## Task statement
An exact copy is needed of the lines in the entries below from the line with "Samse Casa | Badra Jungle Retreat" up to and including the line with "Kings River Knight", and of nothing else. Leave the pictures out.

## The data
◆ ◆ ◆ ◆ ◆
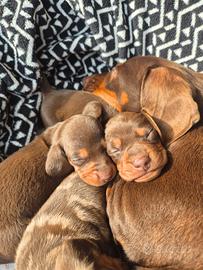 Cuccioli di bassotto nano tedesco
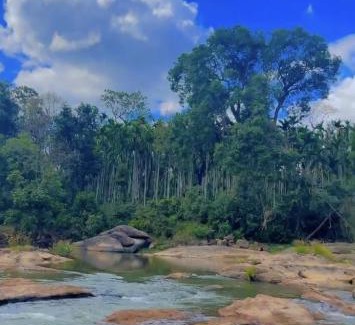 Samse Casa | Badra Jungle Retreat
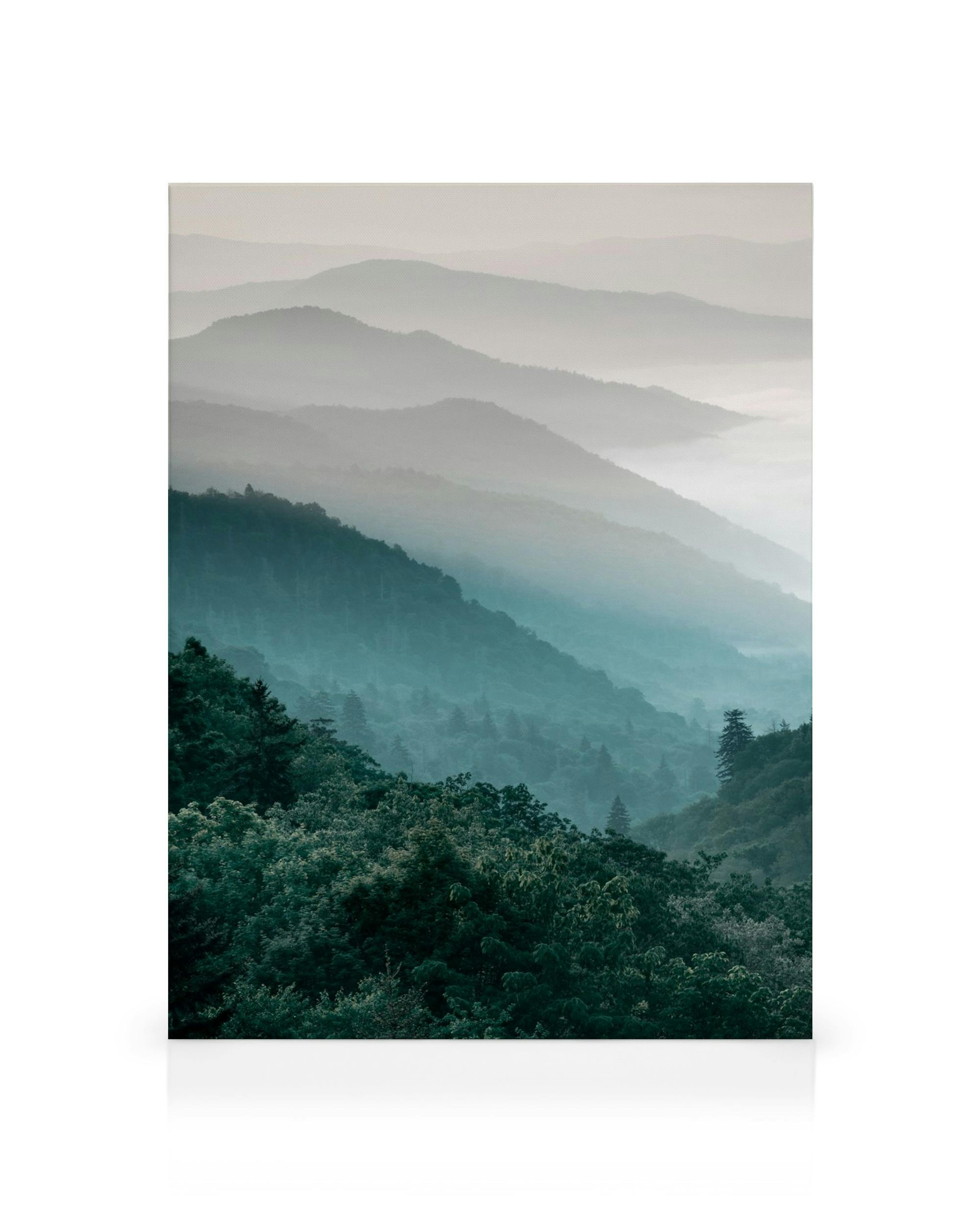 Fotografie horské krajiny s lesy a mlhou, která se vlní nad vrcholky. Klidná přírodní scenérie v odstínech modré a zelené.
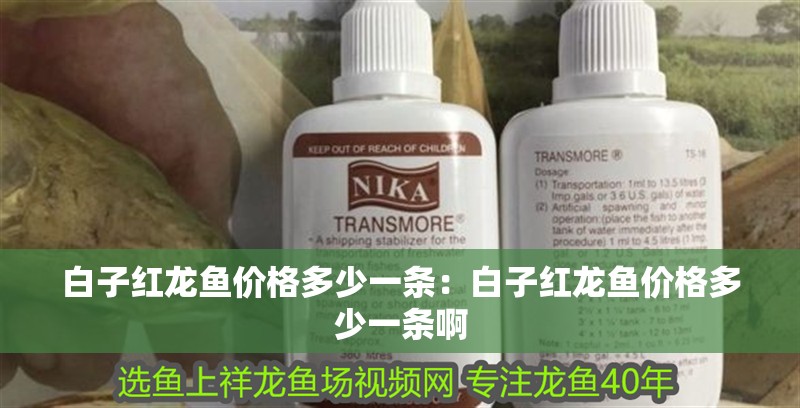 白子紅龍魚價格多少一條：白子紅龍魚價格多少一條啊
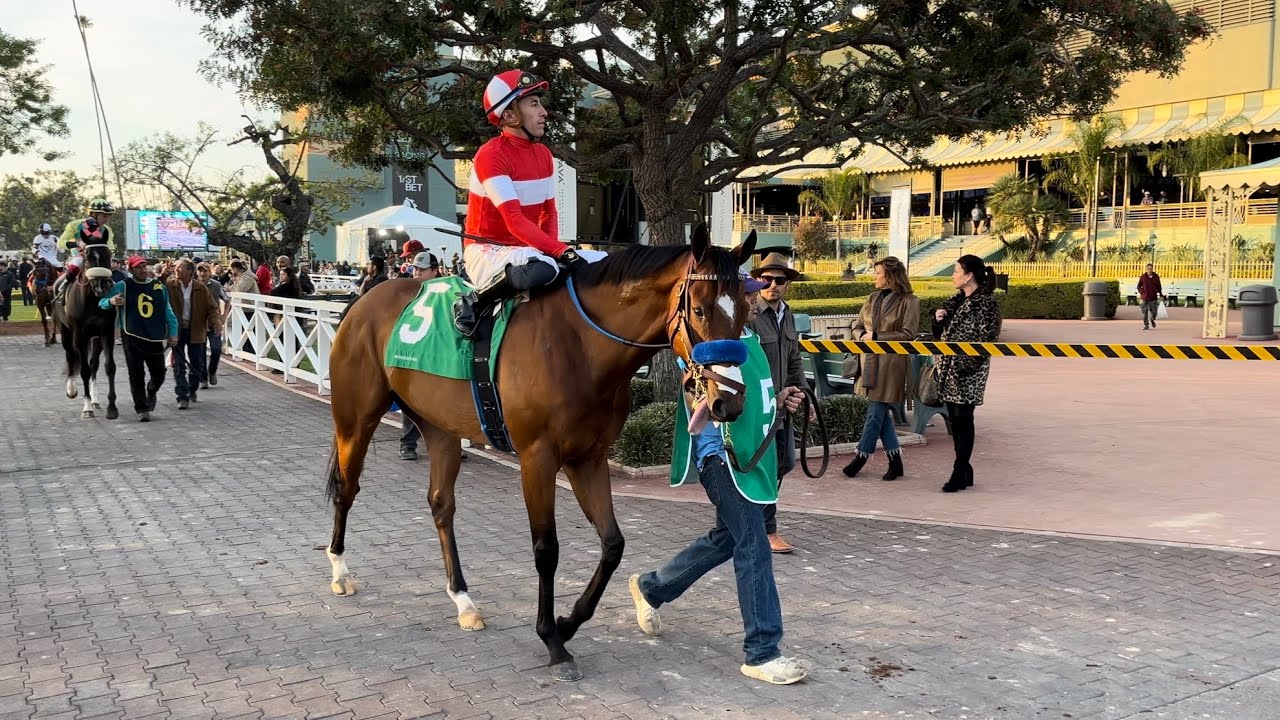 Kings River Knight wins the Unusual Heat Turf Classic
◆ ◆ ◆ ◆ ◆
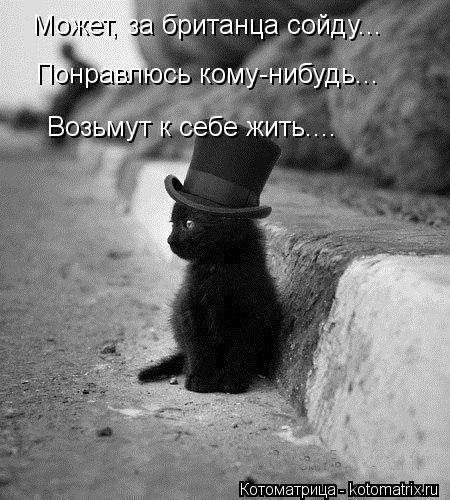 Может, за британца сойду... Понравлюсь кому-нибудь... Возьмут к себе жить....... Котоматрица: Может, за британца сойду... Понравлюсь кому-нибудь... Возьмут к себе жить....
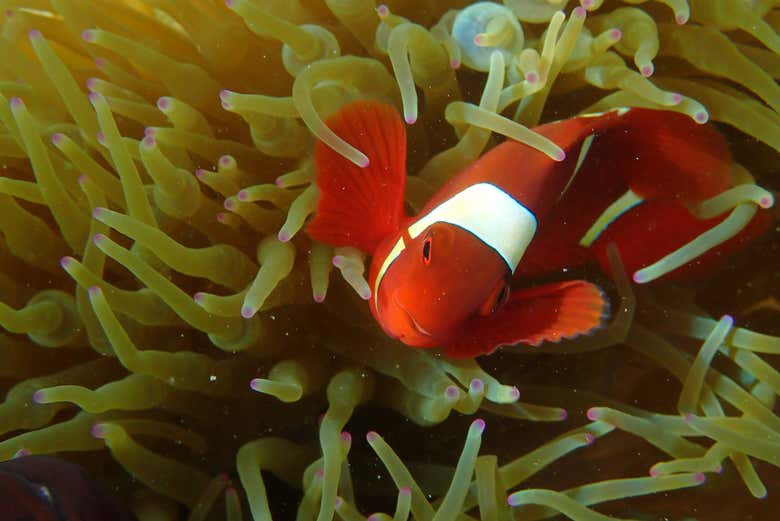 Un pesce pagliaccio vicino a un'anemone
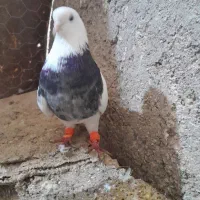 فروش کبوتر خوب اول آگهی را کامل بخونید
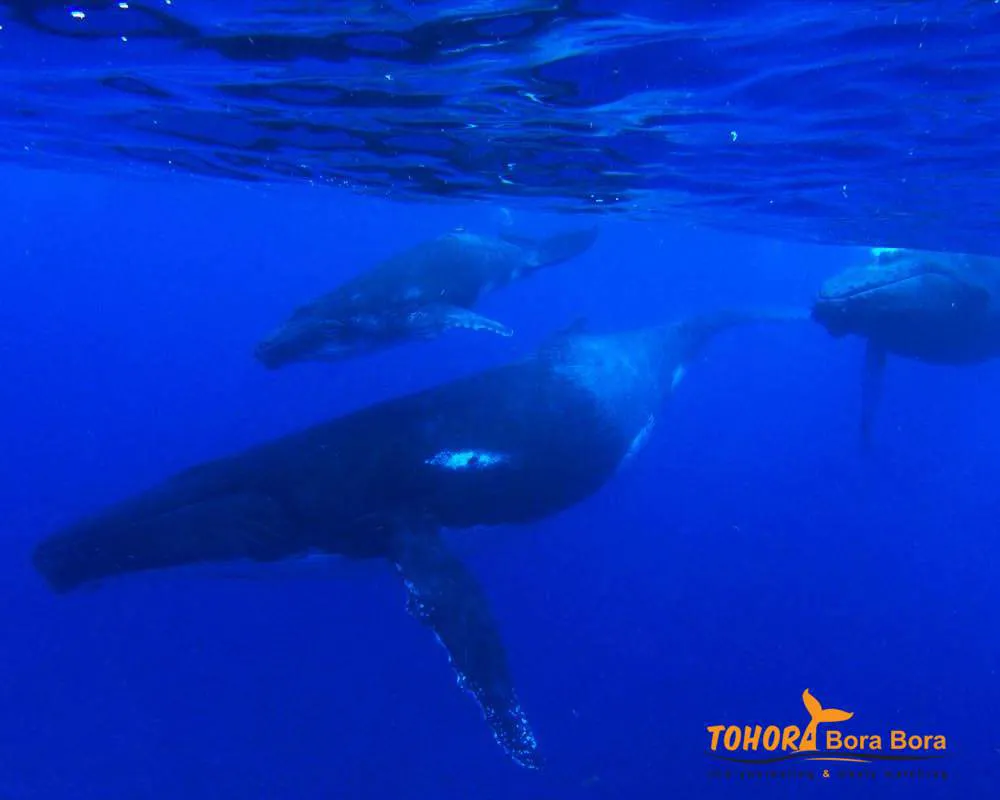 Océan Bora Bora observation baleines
◆ ◆ ◆ ◆ ◆
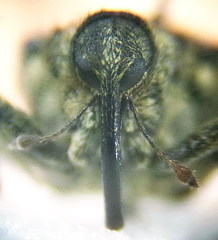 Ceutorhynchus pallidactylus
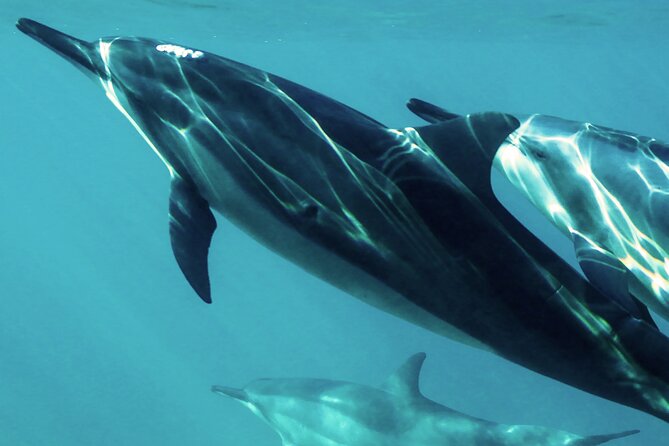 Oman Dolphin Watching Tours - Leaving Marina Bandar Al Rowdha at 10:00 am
◆ ◆ ◆ ◆ ◆
## Reply to the exercise
 Samse Casa | Badra Jungle Retreat
 Fotografie horské krajiny s lesy a mlhou, která se vlní nad vrcholky. Klidná přírodní scenérie v odstínech modré a zelené.
 白子紅龍魚價格多少一條：白子紅龍魚價格多少一條啊
 Kings River Knight wins the Unusual Heat Turf Classic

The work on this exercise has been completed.